Work to complete. Look for the word "Drive". Copy every line of the listing where it occurs.

Dataset content.
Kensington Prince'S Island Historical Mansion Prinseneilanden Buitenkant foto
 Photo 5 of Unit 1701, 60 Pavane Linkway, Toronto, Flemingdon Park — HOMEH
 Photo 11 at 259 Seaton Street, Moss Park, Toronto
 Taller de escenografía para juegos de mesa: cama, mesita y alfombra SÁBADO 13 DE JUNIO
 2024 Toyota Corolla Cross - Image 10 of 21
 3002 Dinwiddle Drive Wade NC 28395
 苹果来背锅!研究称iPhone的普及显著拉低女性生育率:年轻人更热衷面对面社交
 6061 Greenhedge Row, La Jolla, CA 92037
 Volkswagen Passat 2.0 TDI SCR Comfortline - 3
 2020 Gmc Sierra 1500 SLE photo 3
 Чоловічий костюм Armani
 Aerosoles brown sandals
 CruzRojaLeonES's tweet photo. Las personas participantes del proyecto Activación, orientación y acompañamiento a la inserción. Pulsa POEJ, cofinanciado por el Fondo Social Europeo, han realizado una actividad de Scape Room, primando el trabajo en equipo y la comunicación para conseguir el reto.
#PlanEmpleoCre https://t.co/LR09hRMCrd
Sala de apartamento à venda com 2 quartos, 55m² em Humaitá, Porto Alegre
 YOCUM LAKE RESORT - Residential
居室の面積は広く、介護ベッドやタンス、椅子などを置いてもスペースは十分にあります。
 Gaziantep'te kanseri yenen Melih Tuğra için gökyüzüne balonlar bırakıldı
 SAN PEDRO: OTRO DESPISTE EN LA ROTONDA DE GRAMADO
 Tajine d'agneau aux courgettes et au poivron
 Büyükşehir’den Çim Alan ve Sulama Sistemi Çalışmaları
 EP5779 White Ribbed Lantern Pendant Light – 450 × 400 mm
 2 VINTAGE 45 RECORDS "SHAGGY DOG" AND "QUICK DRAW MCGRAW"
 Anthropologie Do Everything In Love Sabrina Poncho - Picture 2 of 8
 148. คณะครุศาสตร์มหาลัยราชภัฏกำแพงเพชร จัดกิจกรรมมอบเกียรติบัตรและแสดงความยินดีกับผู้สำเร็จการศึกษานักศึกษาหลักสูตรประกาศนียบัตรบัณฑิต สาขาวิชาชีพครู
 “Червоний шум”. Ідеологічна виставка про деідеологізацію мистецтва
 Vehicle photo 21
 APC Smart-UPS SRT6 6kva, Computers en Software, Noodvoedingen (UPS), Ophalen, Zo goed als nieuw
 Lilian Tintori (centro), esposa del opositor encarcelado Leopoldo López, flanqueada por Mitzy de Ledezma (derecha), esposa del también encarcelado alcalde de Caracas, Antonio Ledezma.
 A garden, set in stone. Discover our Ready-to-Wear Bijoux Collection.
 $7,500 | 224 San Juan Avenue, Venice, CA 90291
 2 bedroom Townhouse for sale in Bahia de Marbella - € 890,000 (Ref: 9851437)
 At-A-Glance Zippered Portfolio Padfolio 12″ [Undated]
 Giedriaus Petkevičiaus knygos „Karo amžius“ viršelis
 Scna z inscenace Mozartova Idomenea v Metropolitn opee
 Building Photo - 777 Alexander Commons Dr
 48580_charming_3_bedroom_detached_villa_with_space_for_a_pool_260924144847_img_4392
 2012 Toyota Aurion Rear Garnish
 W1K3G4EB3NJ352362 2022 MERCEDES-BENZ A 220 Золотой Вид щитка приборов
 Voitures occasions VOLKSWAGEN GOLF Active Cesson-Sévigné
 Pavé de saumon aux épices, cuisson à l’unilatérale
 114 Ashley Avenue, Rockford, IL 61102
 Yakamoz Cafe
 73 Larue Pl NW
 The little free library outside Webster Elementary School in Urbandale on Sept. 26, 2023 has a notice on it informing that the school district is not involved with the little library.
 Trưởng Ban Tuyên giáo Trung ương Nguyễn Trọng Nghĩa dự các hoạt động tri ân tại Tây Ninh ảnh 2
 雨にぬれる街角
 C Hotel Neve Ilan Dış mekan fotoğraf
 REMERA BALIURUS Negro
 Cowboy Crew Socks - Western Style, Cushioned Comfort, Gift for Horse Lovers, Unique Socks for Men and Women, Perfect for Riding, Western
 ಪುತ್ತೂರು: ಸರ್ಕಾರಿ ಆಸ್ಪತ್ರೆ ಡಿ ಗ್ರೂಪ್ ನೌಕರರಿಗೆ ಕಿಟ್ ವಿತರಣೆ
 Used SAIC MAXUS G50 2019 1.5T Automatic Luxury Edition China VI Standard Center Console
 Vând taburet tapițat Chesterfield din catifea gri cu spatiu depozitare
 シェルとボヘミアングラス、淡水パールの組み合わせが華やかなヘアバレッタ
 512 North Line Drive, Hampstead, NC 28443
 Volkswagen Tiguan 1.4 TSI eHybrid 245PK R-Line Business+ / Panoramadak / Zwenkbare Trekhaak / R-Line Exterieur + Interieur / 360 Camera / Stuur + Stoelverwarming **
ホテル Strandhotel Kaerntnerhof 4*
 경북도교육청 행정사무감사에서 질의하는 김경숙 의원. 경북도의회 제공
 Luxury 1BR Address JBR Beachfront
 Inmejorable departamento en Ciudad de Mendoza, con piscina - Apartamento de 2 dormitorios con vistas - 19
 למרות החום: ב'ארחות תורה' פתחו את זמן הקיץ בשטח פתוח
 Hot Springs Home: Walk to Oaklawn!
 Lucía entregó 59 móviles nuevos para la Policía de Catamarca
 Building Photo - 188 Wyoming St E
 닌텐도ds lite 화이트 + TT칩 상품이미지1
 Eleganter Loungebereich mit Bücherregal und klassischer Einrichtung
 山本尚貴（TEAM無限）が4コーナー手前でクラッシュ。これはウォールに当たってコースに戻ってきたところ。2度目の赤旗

Response to this exercise.
 3002 Dinwiddle Drive Wade NC 28395
 512 North Line Drive, Hampstead, NC 28443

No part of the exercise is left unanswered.